* _What you will do_
Among the lines of data below, reproduce only those from the one with "Pria yang Bacok" through the one with "Новые Duff пивные", exactly as they stand, both ends included.

* _Data for this exercise_
- - -

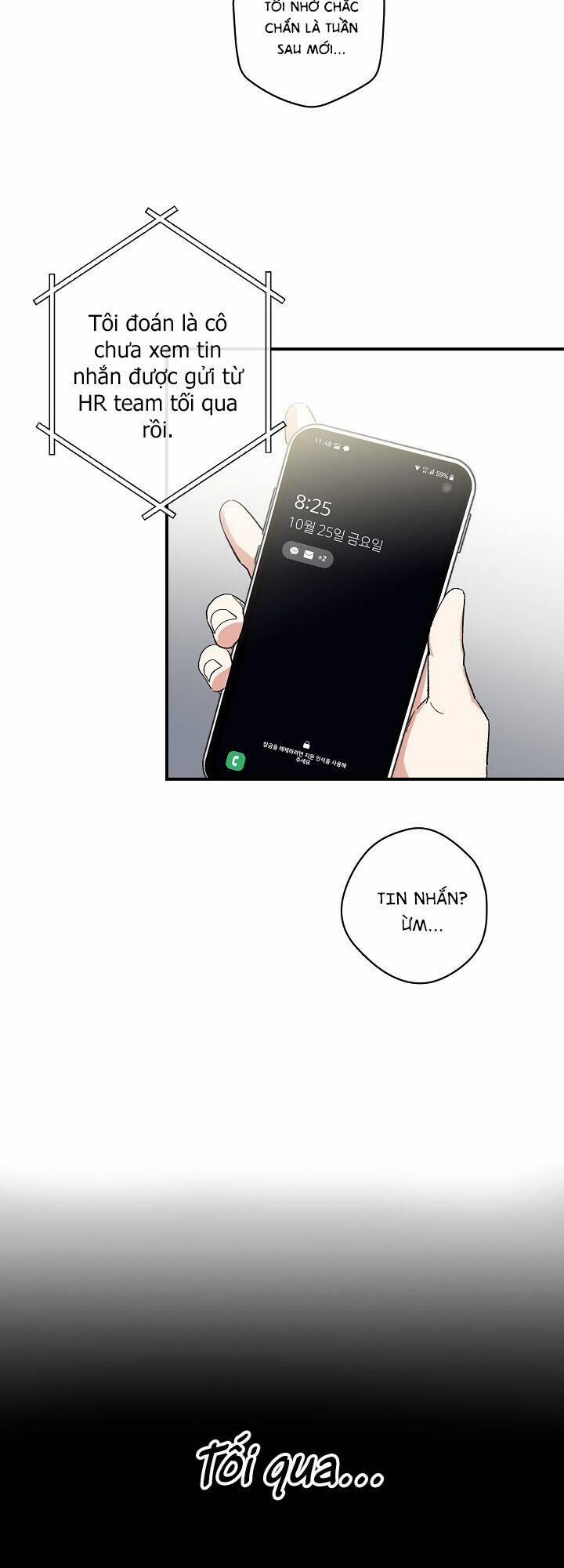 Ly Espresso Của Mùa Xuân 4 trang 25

- - -

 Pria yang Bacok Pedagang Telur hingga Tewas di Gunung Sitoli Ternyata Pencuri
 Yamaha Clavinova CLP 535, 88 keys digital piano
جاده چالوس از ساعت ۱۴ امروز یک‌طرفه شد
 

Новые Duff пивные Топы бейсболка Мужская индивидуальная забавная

- - -

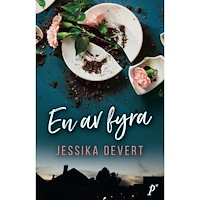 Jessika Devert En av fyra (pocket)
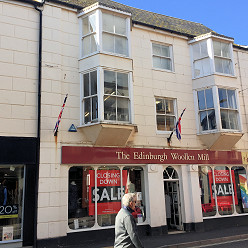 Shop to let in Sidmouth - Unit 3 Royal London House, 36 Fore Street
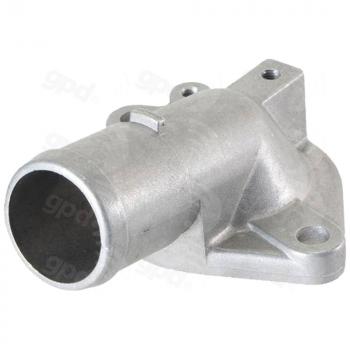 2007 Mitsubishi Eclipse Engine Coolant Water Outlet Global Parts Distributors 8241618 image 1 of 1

- - -

* _Written answer_
 Pria yang Bacok Pedagang Telur hingga Tewas di Gunung Sitoli Ternyata Pencuri
 Yamaha Clavinova CLP 535, 88 keys digital piano
جاده چالوس از ساعت ۱۴ امروز یک‌طرفه شد
 

Новые Duff пивные Топы бейсболка Мужская индивидуальная забавная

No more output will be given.